FIG. 53 depicts variation of measured resistance against time for the annealed porous material 14 exposed to various different gases. A clear response to 1 ppm NO₂ is visible in the initial exposure. A heating step is applied to recover the baseline between the different exposures. Upon exposure to 1 ppm ammonia (NH₃) a response is visible. When the porous material 14 is exposed to nitrogen (N₂) alone a response is also visible. The response of the N₂ comes from the fact that it is dryer than the dry air applied during the measurement. This shows a clear sensitivity towards changes in humidity. Because the NH₃ is diluted with N₂ the drop in resistance is accounted for the change in humidity rather than an interaction of the NH₃ with the porous material 14. No interaction of the porous material 14 with carbon dioxide (CO₂), isopropanol (IPA) or acetone is visible. Upon exposure to 1 ppm NO₂ the CNF is reacting with almost double the response of the first exposure.

The performance of the annealed porous material 14 in gas sensor applications meets regulation specifications in the EU. It shows a measurable change in a concentration below the annual limit of 20 ppb. The response time is below 15 min. The selectivity is exceptional compared to other pure carbon based sensor devices. Without any functionalisation it does not react to common air pollutants except to NO₂. The strong reaction towards humidity is common at room temperature. A thin film of water is formed in any humid environment on the carbon. A Grotthuus-chain reaction is taking place in the water layer where hydrogen atoms are shared between the water molecules contributing to the conductivity of the nanostructure lying beneath. For investigating the sensing mechanism towards NO₂ and the selectivity, an XPS analysis was done to find the elemental composition of the annealed porous material 14 in order to understand the chemical interaction of the NO₂ with the oxygen functional groups. The oxygen functional groups are responsible for the chemisorption on the porous material 14 which is, beside physisorption on the porous material 14, the main sensing mechanism. The XPS spectrum of the active layer is depicted in FIGS. 54 and 55. Fitting of the C1 s spectra (FIG. 54) yields five components located at binding energies (BE) of 284.5 eV (sp² C=C species), 285.6 eV (carbon atoms in sp³ structures), 286.8 eV (C—O, alcohol/ether/epoxy groups), 288.5 eV (C═O, carbonyl groups), 290.4 eV (COOH, carboxyacid/ester groups). Deconvolution of O1 s spectra (FIG. 55) yields 3 major peaks around 530.9, 531.9 and 533.0 eV assigned to C═O (carbonyl groups, highly conjugated forms like quinone), C—O (carbon-oxygen single bonds in hydroxyls) and C—O—C (carbon-oxygen single bond in epoxy groups). The spectra also shows an additional small peak at higher BE (536.2 eV) assigned to chemisorbed/intercalated water molecules.

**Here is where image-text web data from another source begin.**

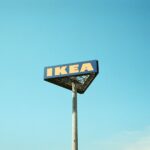 a ikea sign on a pole against a blue sky
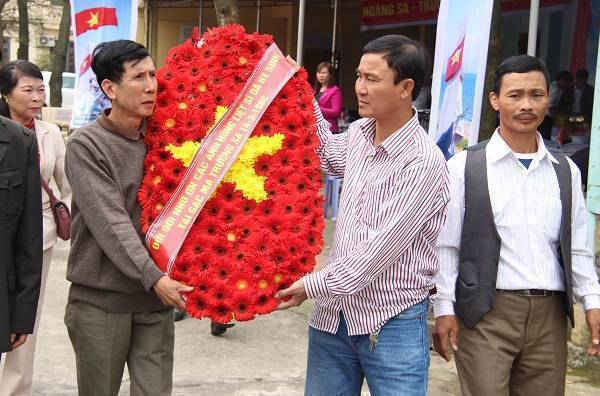 Cựu binh Trần Thiên Phụng (bên trái) cùng đồng đội kết vòng hoa tưởng nhớ các liệt sĩ Gạc Ma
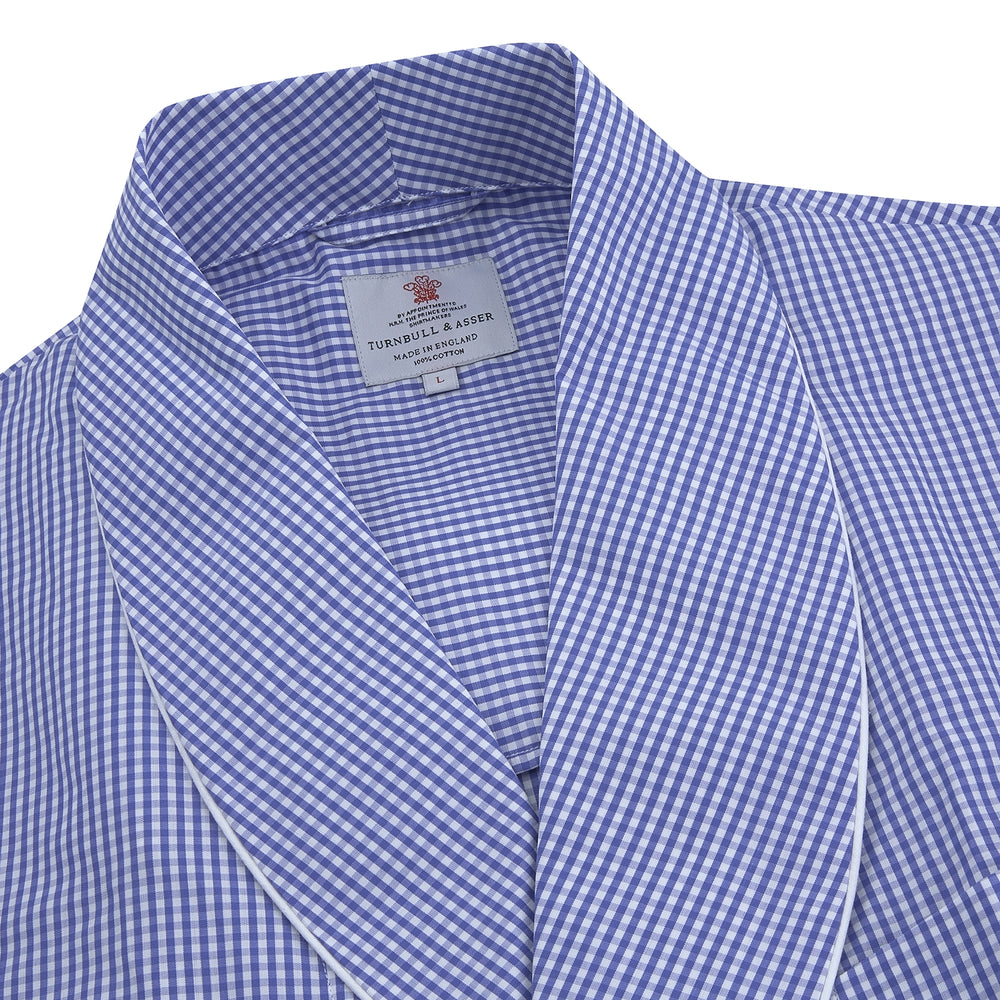 The Turnbull & Asser Mid Blue Gingham Check Piped Cotton Gown, featuring a shawl collar and tied belt, is elegantly displayed against a white background.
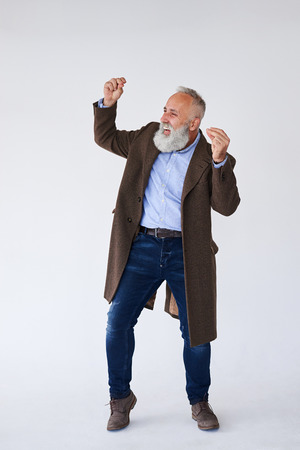 Full-length shot of handsome mature bearded in coat having fun in studioの写真素材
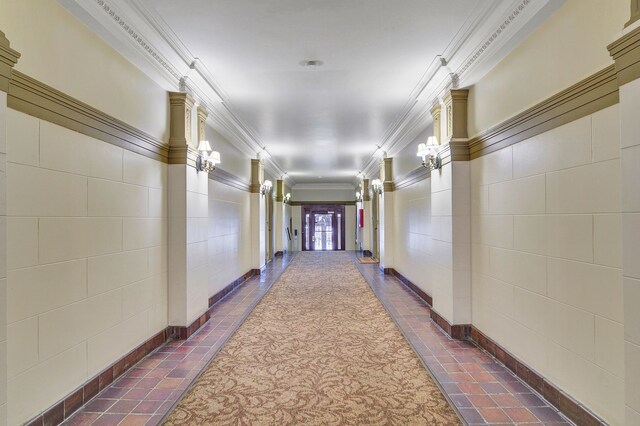 hall featuring crown molding and dark tile patterned flooring
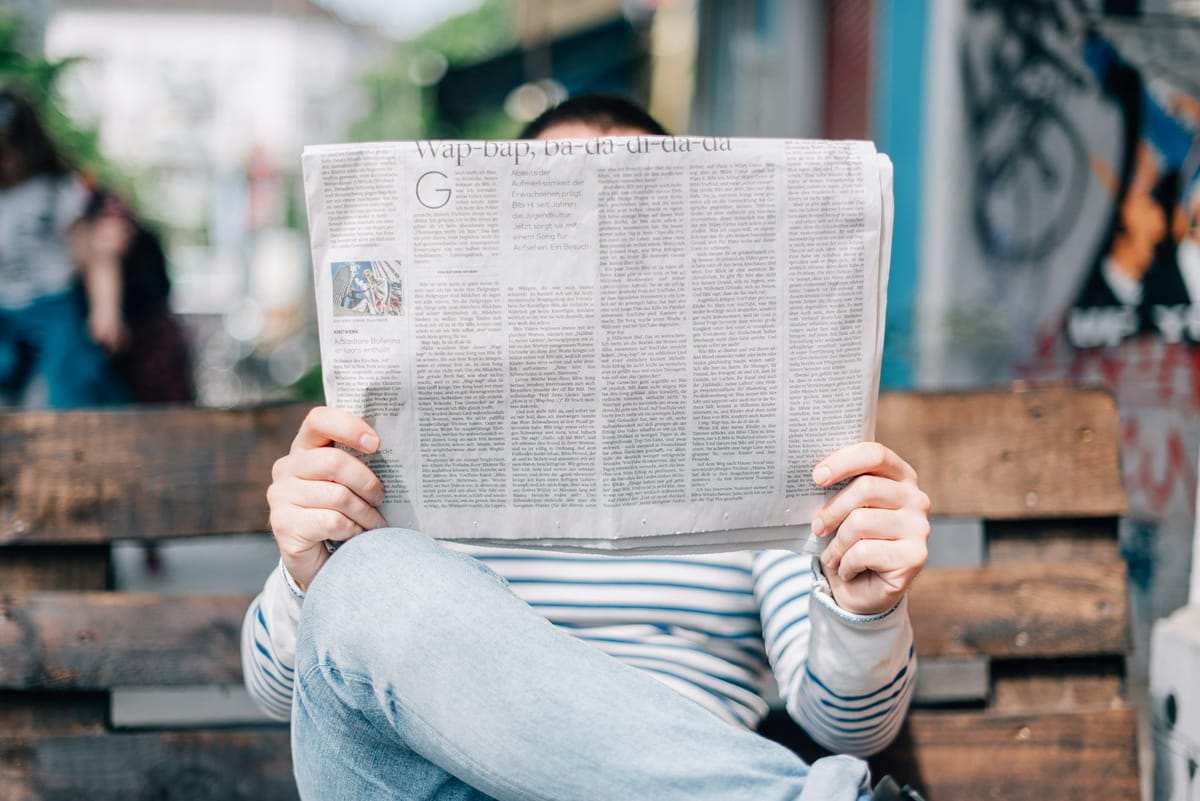 A stock image of a man reading a newspaper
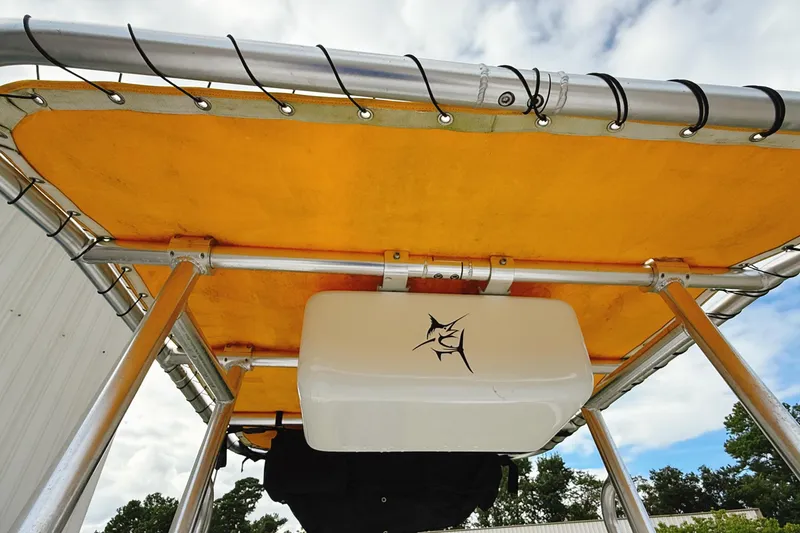 Slide: The Image of 2005 Nitro Bay boat canopy with yellow cover and fishing logo. - 16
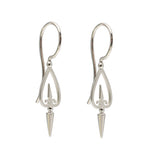 A pair of sterling silver earrings featuring a spire motif and old-world fretwork design.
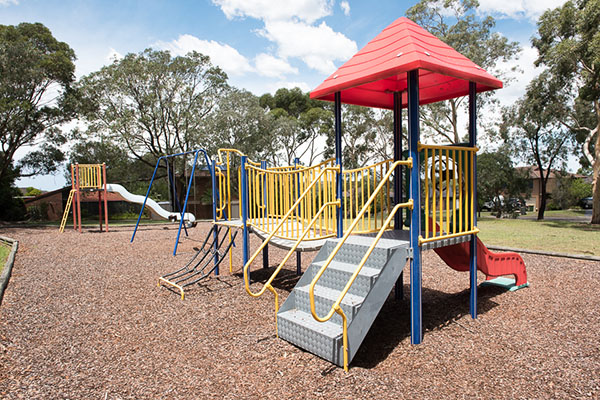 Playground with slides and climbing fort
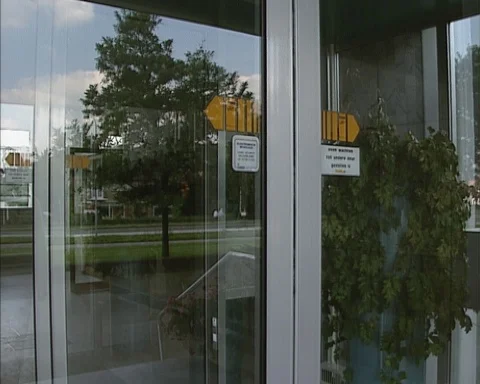 Automatic glass panel sliding door opens and closes - no people Stock Footage 123062765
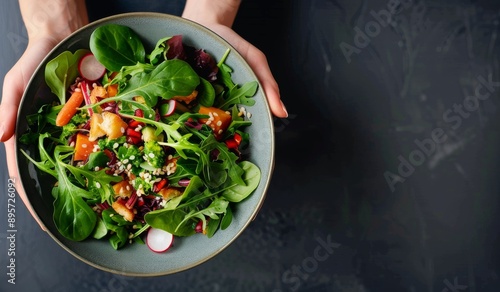 Hands Holding Bowl of Fresh Salad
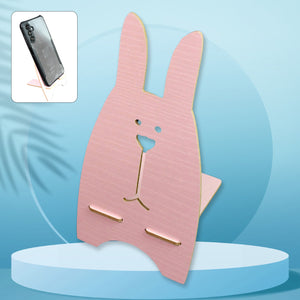 Wooden rabbit phone stand in pink designed for easy device viewing and stability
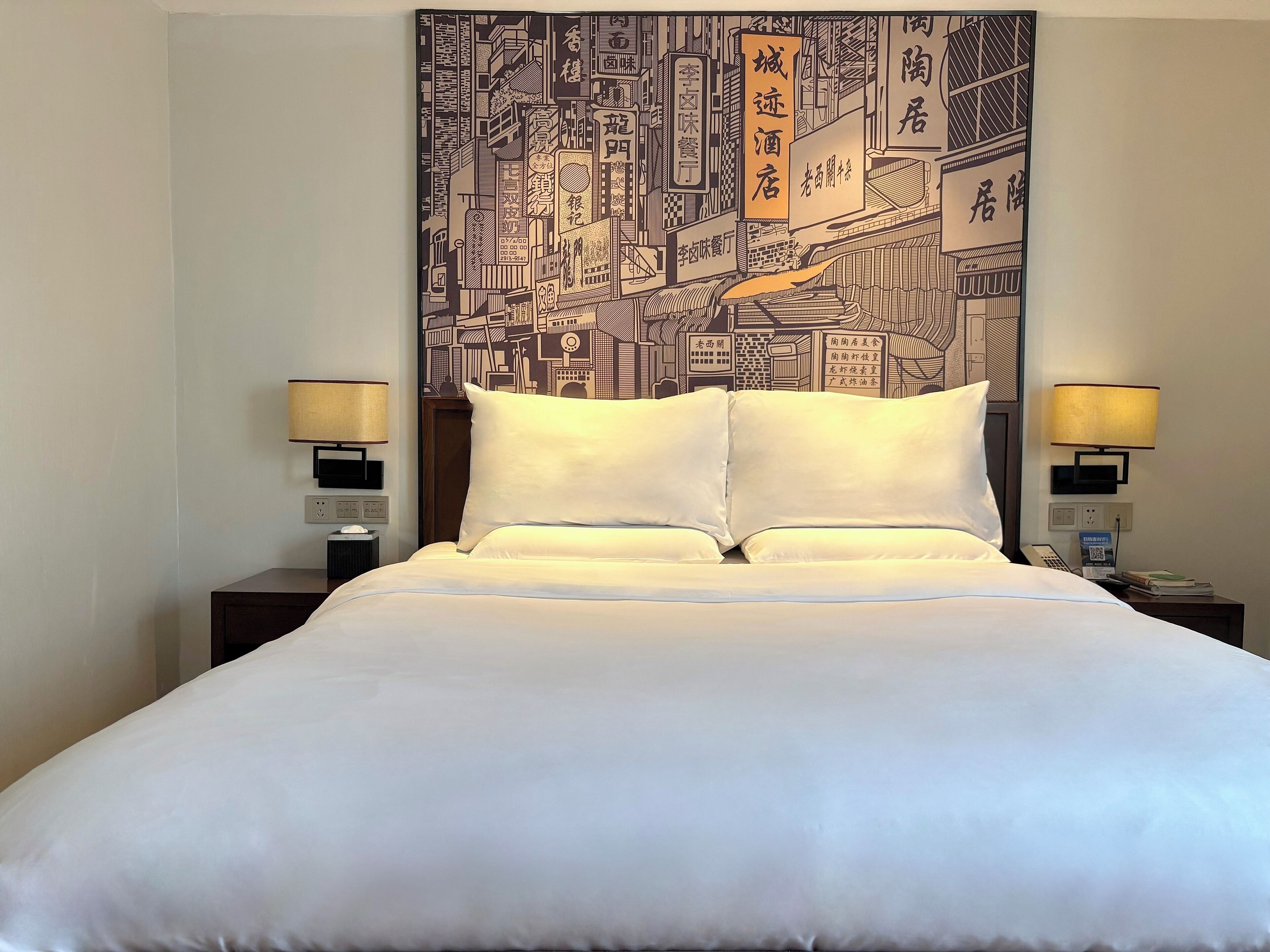 A hotel room with a large bed, two bedside tables with lamps, and a wall tapestry depicting a cityscape.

NO₂ is a strong oxidising agent, which acts as electron acceptor and presents electrophilic properties. All these properties allow NO₂ to being adsorbed on the surface of the sensor relatively tight via hydrogen bonding. The hydrogen bonding most likely takes place with the hydrogen of the —COOH functional groups. The adsorbed NO₂ depletes the porous material 14 of electrons. Carbon at room temperature in humid environments are typically p-type materials. Depletion of electrons releases more hole majority carriers therefore decreasing the resistance as seen in FIG. 50.

The selectivity arises from the fact that other gases are less strong oxidizing agents. There is barely interaction with the oxygen functional groups at low concentrations. Higher concentrations of the interferants can give show a change in resistance. These responses are significantly lower compared to the NO₂ signal, showing that interferants are not poisoning the porous material 14 permanently.

Thus, a annealed porous material 14 comprising carbon is formed in a one-step laser process and used to detect gases. Exposure to NO₂ shows sensitivity of detection below 10 ppb. The porous material 14 shows great selectivity towards other polluting gases making it unique amongst the carbon nanomaterials. NO₂ adsorbs via hydrogen bonding with the carboxyacids on the surface of the porous material 14.

The following numbered clauses disclose further embodiments of the disclosure.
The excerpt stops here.